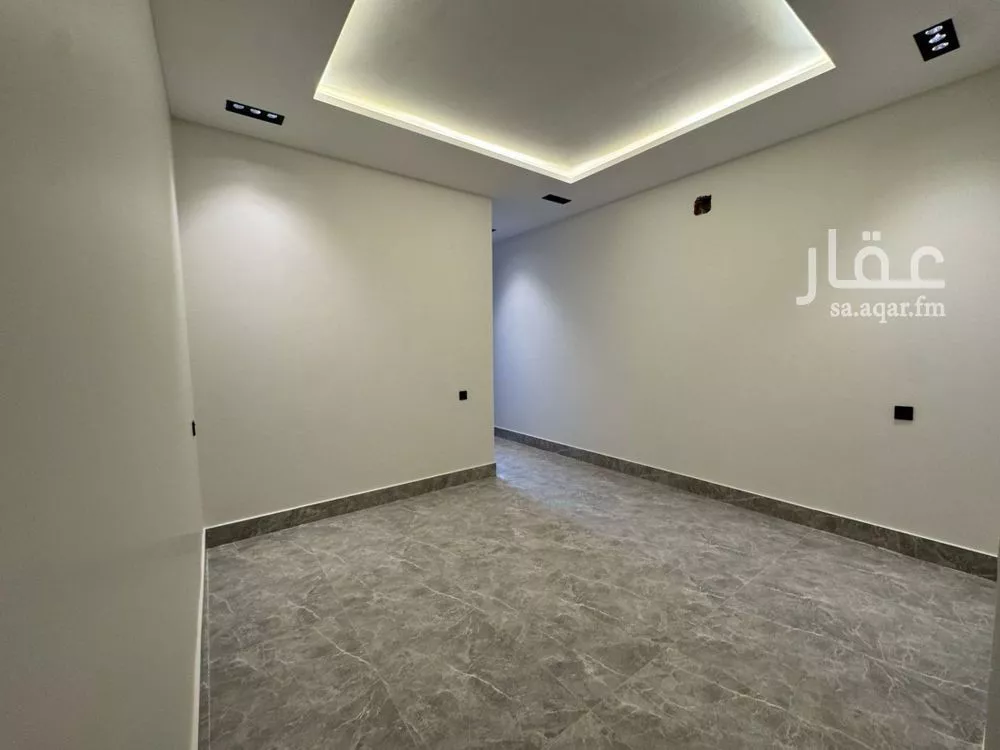 4 bedroom floor in Al Rimal 17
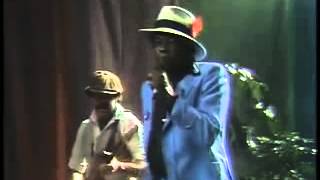 John Lee Hooker   Long Boogie Live in Montreal 1980 We&#39;re Gonna Do The Shout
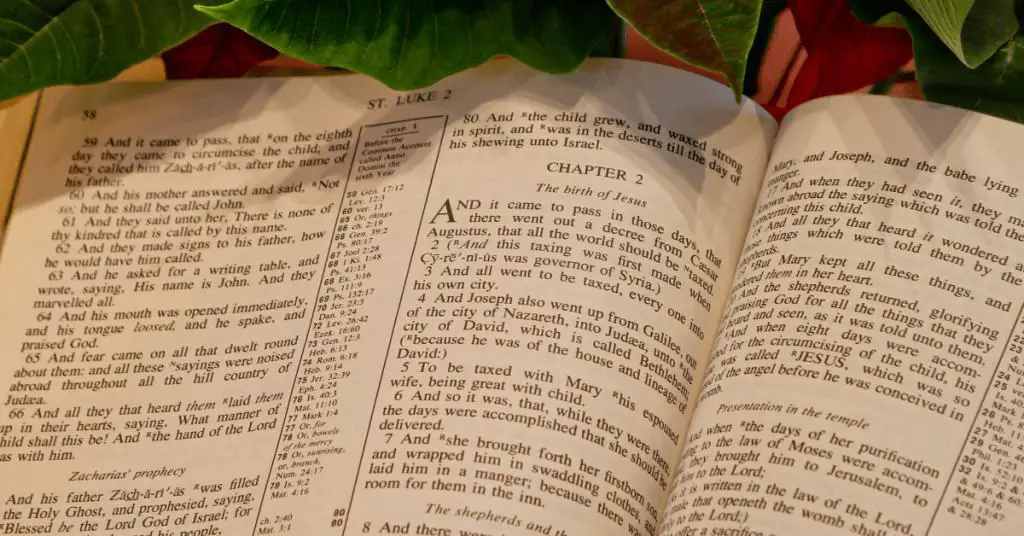 The-Christmas-Story-in-the-Bible-Open-for-Christmas-Bible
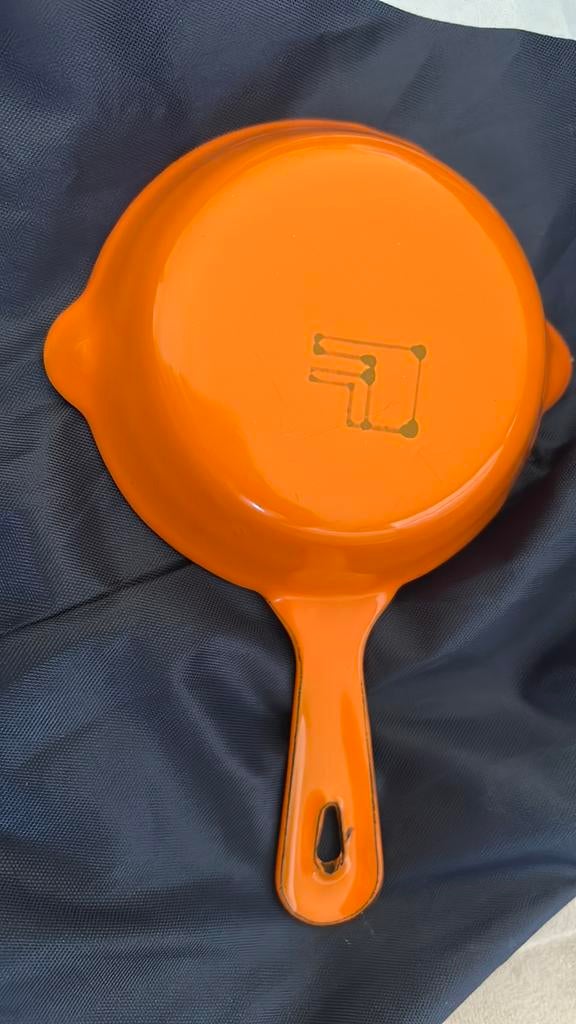 mini pan van emaille jaren 50 Cousances (by Le Creuset)., Huis en Inrichting, Verzenden, Zo goed als nieuw, Gietijzer, Koekenpan of Braadpan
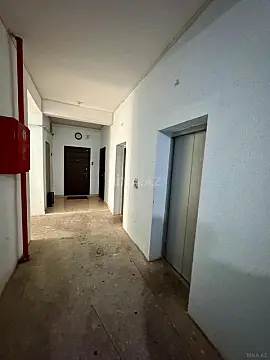 Satılır 4 otaqlı mənzil 158 m²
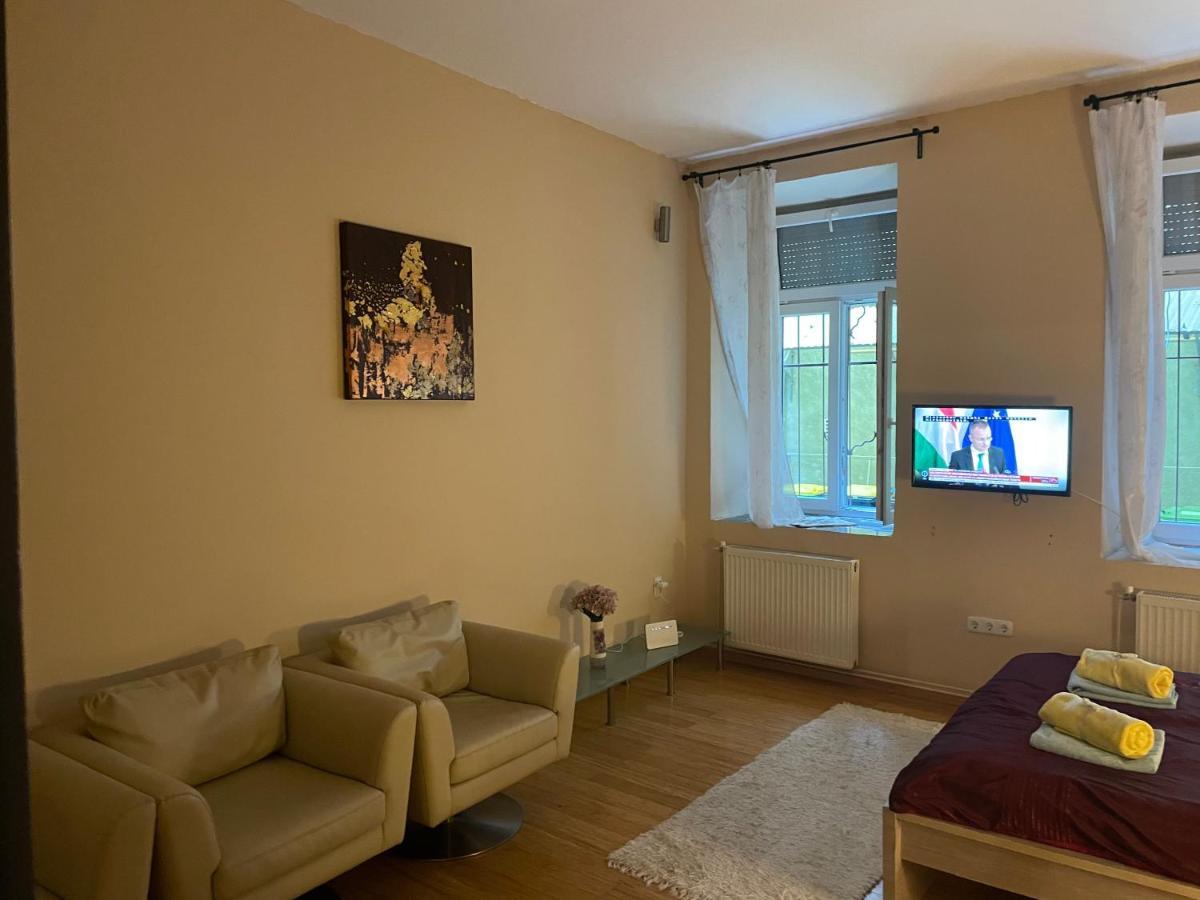 Budapest Clark Apartman ** Apartment Екстериор снимка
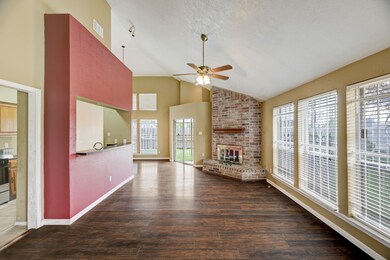 8802 Scenic Green Dr, Houston, TX 77088 - photo 4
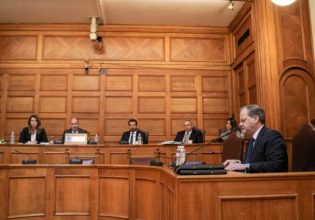 Τέμπη: Ευθύνες παντού εκτός από τον εαυτό του, «βλέπει» ο Καραμανλής – «Πυρ ομαδόν» από τα κόμματα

++++

[Your instructions]
Could the entries above be retyped exactly, with the pictures left out?

[Result of the exercise]
 4 bedroom floor in Al Rimal 17
 John Lee Hooker   Long Boogie Live in Montreal 1980 We&#39;re Gonna Do The Shout
 The-Christmas-Story-in-the-Bible-Open-for-Christmas-Bible
 mini pan van emaille jaren 50 Cousances (by Le Creuset)., Huis en Inrichting, Verzenden, Zo goed als nieuw, Gietijzer, Koekenpan of Braadpan
 Satılır 4 otaqlı mənzil 158 m²
 Budapest Clark Apartman ** Apartment Екстериор снимка
 8802 Scenic Green Dr, Houston, TX 77088 - photo 4
 Τέμπη: Ευθύνες παντού εκτός από τον εαυτό του, «βλέπει» ο Καραμανλής – «Πυρ ομαδόν» από τα κόμματα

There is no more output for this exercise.